Николай Константинович Байбаков, последний Сталинский нарком.

13 1800

Николай Константинович Байбаков, последний сталинский нарком. Целых 22 года он возглавлял экономический штаб Советского Союза – Госплан. Оформив заслуженную пенсию в 1985 году, в течение долгих лет он продолжал приходить на работу в свой кабинет, расположенный в Институте проблем нефти и газа на улице Губкина. Байбаков консультировал Горбачева и Ельцина, встречался с Путиным. Его познания в области экономики, и особенно проблем нефти и газа, были колоссальны. Он – свидетель многих событий, происходивших в годы существования СССР. При этом человеке страна зарождалась, он пережил и ее конец.                                                                                                                                                                                                                                               "...Разумеется, с самой большой тщательностью и старанием готовили мы материалы для правительственных решений и лично для товарища Сталина, который требовал самой полной информации о состоянии дел в нефтяной промышленности.

Впервые мне довелось встретиться со Сталиным в 1940 году на совещании в Кремле, где обсуждались неотложные вопросы нашей отрасли. Мне было поручено сделать сообщение об обеспечении народного хозяйства и армии горючим в связи с нарастанием опасности войны. Надо ли говорить, как я волновался в приемной Сталина, ожидая вызова на заседание! "Смогу ли взять себя в руки, не растеряться на этом высоком собрании под председательством Первого секретаря?" Но вот я вошел в большой кабинет, где царила обстановка вовсе не торжественная, а вполне деловая и спокойная, и сразу почувствовал, как напряженность моя спала, я перевел дух, кто-то показал мне место, где я должен присесть, и уже успокоившись, старался сосредоточиться на содержании записки, которую я держал в руках. В ней - сжато суть проблем ускоренного развития промыслов за Волгой, особенно Башкирии - ведущем районе "Второго Баку". Работая в Москве, я не забывал об ишимбайских делах, всех начинаниях башкирских нефтяников и всемерно старался им помочь.
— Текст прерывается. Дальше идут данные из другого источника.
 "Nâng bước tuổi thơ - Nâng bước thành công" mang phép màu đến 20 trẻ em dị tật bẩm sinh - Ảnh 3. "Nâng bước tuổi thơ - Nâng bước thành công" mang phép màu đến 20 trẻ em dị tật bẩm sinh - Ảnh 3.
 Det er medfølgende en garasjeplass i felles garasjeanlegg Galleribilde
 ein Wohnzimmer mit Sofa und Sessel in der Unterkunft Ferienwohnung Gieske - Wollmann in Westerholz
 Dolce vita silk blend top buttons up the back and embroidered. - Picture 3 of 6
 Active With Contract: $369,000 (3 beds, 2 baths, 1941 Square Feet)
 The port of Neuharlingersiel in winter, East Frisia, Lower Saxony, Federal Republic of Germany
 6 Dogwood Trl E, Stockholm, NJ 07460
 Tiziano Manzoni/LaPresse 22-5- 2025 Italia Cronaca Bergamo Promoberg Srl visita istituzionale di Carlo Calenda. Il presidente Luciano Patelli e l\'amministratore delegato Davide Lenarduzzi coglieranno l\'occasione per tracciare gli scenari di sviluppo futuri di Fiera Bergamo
Еще раз внутренне уверив себя, что хорошо знаю порученные мне вопросы, я огляделся, увидел Сталина. Да, это он, знакомый облик, знакомый полувоенный френч человека, которого я знал по портретам. "Все нормально, обыкновенно!" - совсем успокоился я. И тут мне предоставили слово, и голос мой зазвучал спокойно и деловито: видимо, и мне передалась атмосфера деловитости и дружественности этого кабинета.

Сталин, держа свою знаменитую трубку чуть-чуть в бок от себя, неторопливо и мягко ступая по ковру, прохаживался по кабинету, слушал внимательно, не перебив ни разу. А когда я смолк, он приостановился, словно что-то решая про себя, и после небольшой паузы начал глухим и негромким голосом задавать вопросы.

- Какое конкретное оборудование вам нужно?

Я отвечал уже совсем спокойно, вдаваясь в такие детали, в которые, готовясь к сообщению, не думал вдаваться. Сталин выслушал и опять спросил:

- Какие организационные усовершенствования намерены ввести? Что более всего сдерживает скорейший успех дела?

Я подробно перечислил все наши дела и задумки, сказал и о "тормозах".

И опять Сталин, сделав несколько шагов по кабинету, не откладывая дела на потом, принял соответствующие решения.

Эта конкретность и переход сразу от слов к делу окрылили меня и обрадовали.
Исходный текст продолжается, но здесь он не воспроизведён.